> Assignment
Return the data below unchanged. Drop any pictures.

> Recorded data
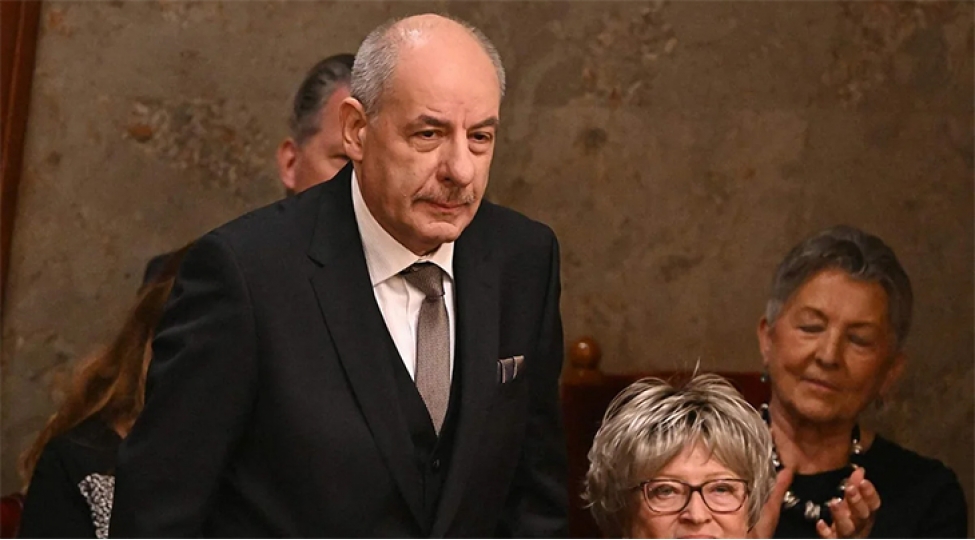 macaristan-prezidenti-konstitusiyaya-oz-istefasini-da-ehtiva-eden-duzelishi-imzalayib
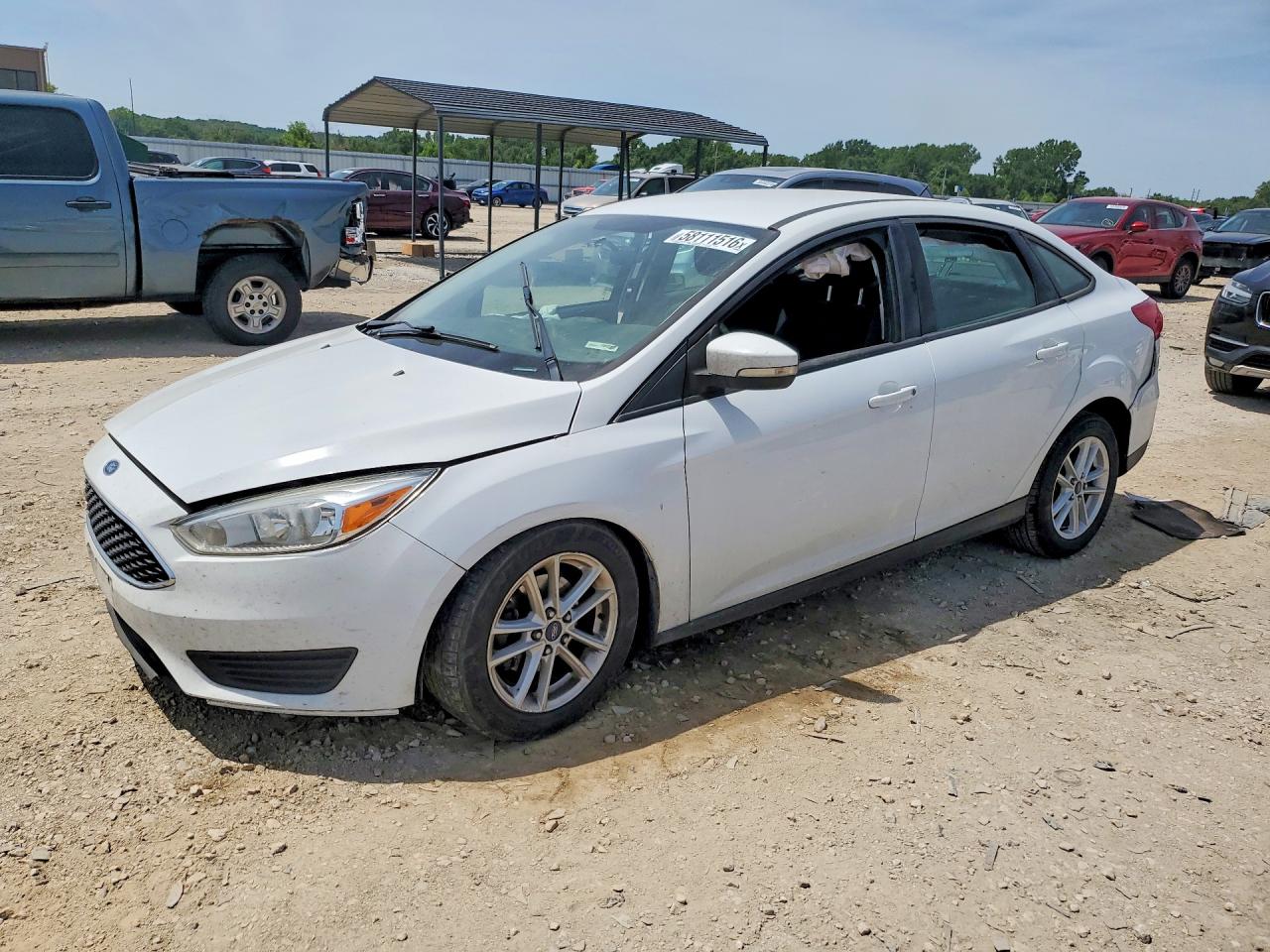 2017 Ford Focus SE, VIN 1FADP3F23HL254261 — Перед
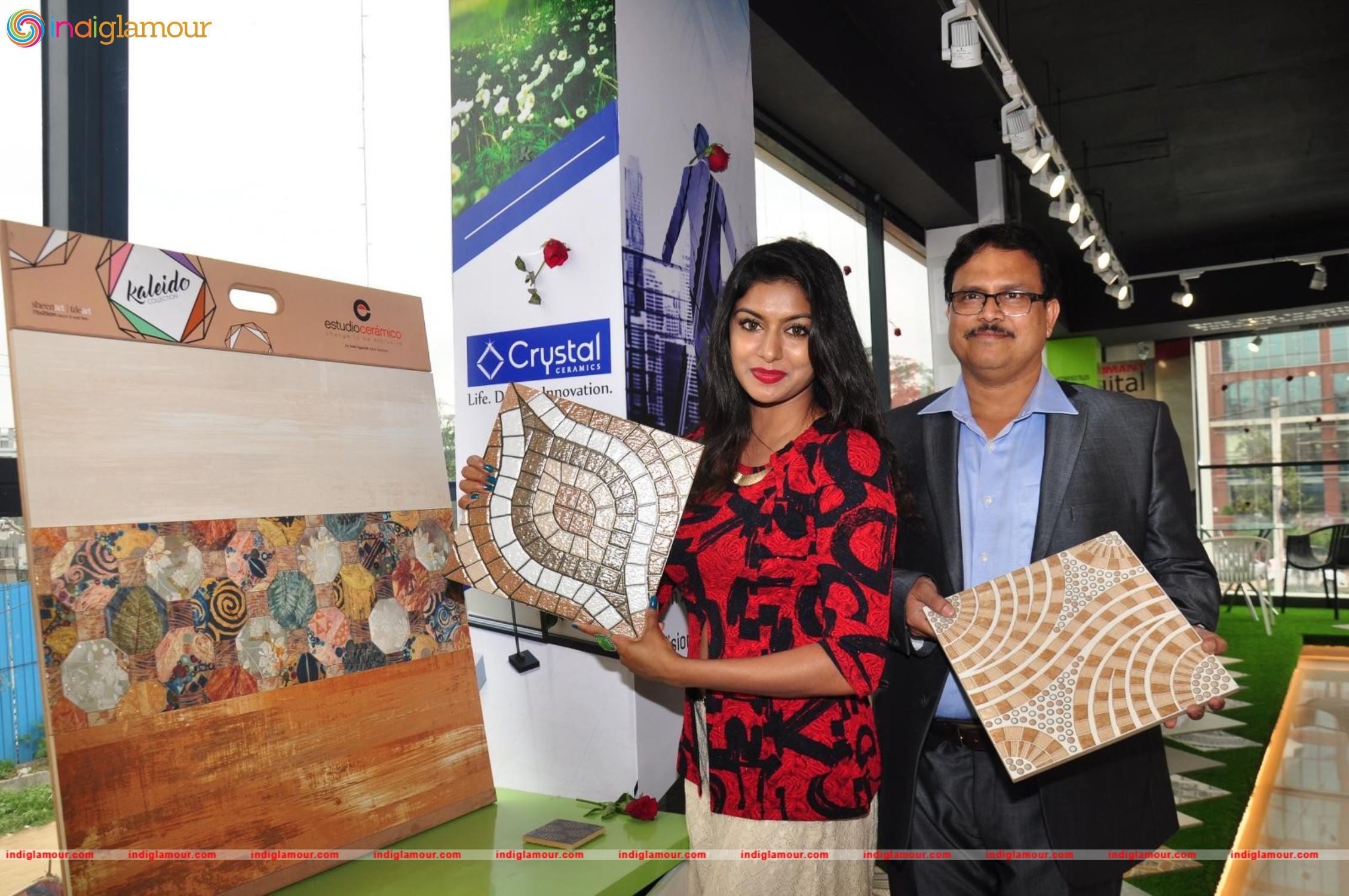 Actress Akshatha Bharadwaj Launched Lorven Tiles Event hd photo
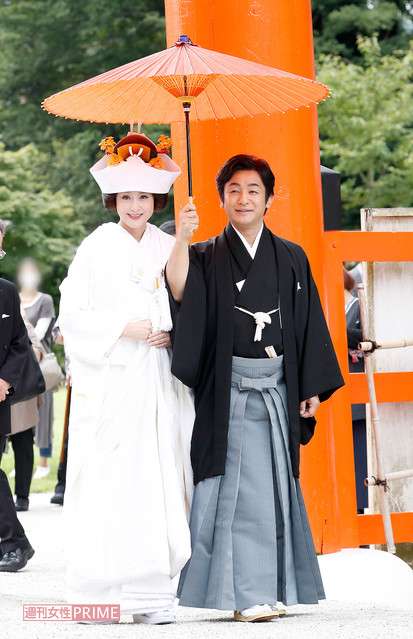 藤原紀香と片岡愛之助の挙式 引き出物は8万円以上の「水素の機器」か - ライブドアニュース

> Answer section
 macaristan-prezidenti-konstitusiyaya-oz-istefasini-da-ehtiva-eden-duzelishi-imzalayib
 2017 Ford Focus SE, VIN 1FADP3F23HL254261 — Перед
 Actress Akshatha Bharadwaj Launched Lorven Tiles Event hd photo
 藤原紀香と片岡愛之助の挙式 引き出物は8万円以上の「水素の機器」か - ライブドアニュース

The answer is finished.